Dorohedoro had the potential to be a well-thought out mystery containing dark humor and sick action. But unfortunately it built-up something so huge that the climax was below underwhelming.
Don't get me wrong. I'm fine with the story being absurd and weird since it was not very aspiring to be something more or grand like what Masaaki Yuasa makes. But it brings upon so many subplots and crucial details in the middle that the audience will begin to lose track of coherence and what is even supposed to matter.
Story: There is only one word that can fully described the plot of Dorohedoro: CONVOLUTED! While the setting and premise I do say is quite fascinating, it takes a more mysterious turn in the middle and the amount of mysteries keep piling up and will leave you lost. The world of the humans and sorcerers was interesting and the history behind some of the past events does make you invested. But it will more depend on what you are looking for. If you don't care too much about the plot and just want to enjoy a silly story of sorcerers and humans murdering the shit out of one another, then don't let my criticisms stop you from checking it out. But if you are looking for (at the very least) some sense for the amount of plot points it tries to put together, then you are going to be disappointed. I stopped caring around the final 3rd of the series but was still curious enough to see it all the way through.
In short, vol. 1-4 = slow / vol. 5-13 = very interesting / vol. 14-23 = I'm lost.

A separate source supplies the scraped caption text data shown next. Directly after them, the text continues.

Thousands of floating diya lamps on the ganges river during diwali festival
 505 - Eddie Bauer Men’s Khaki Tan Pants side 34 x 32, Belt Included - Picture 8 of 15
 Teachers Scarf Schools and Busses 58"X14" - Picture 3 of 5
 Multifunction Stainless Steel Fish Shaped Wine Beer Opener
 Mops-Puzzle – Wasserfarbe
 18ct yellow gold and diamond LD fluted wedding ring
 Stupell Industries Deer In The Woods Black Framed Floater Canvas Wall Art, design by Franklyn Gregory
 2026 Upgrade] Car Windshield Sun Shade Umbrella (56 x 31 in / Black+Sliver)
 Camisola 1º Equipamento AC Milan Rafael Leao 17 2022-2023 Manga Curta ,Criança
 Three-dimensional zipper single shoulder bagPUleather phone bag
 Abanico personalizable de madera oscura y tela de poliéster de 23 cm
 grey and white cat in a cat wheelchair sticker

Characters: If I'm completely honest, the story would not have had a huge impact on my distaste for this series had the characters held the story well. And for the first half of it, they did and they were pretty tremendous. Caiman and Nikaidou were very likeable characters and their friendship was very believable. My personal favorites were the villains: En, Shin, and Noi. They were hilarious and they give the audience a perfect reason to not take Dorohedoro all too seriously. When comparing the humans (and Caiman), En's family, and the Cross Eyes, En's family had the most consistent character state and their relationship expressed their truest characters best out of all of the main groups in the story.
Unfortunately, where things went wrong was that at the half way point, some crucial characters are not able to fulfill all of their potential and move away from the story (I will not spoil, just figure out why yourself). And some characters (Nikaidou and Ebisu), while still likeable (more in the first half than the second), change for very annoying reasons and the plot ruined them when I previously loved them.
There also isn't much character development. Some characters never needed it because they were great the way they were and were even fleshed out further into the plot. But I feel the only characters that change from beginning to end are Fujita and Risu. Everybody else either never changes and feels like their character is just being dragged by the complicated plot and not entirely being themselves or they go through realizations which have a minor impact on their final character change.
Art: It is different in a good way and it suits the atmosphere it is trying to present. It fits the gritty violence and over-the-top designs of the characters. While some of the backgrounds did lack a little too much detail for me, I'd say the art is the best part of the series.
Final Thoughts: In the beginning, this manga had practically everything to be something awesome. But with poor plot decisions, the story just drags and will leave you lost on what the point of really anything is. You can enjoy the absurd humor and the gritty action but nothing makes sense. If it was all absurd humor and gritty action, it would come across more consistent than when it builds up something so crucial for the overall story just to forget about what to do with it and make an underwhelming conclusion. It's still worth the check out if it really interests you.
I give Dorohedoro a not bad, but disappointing 5/10.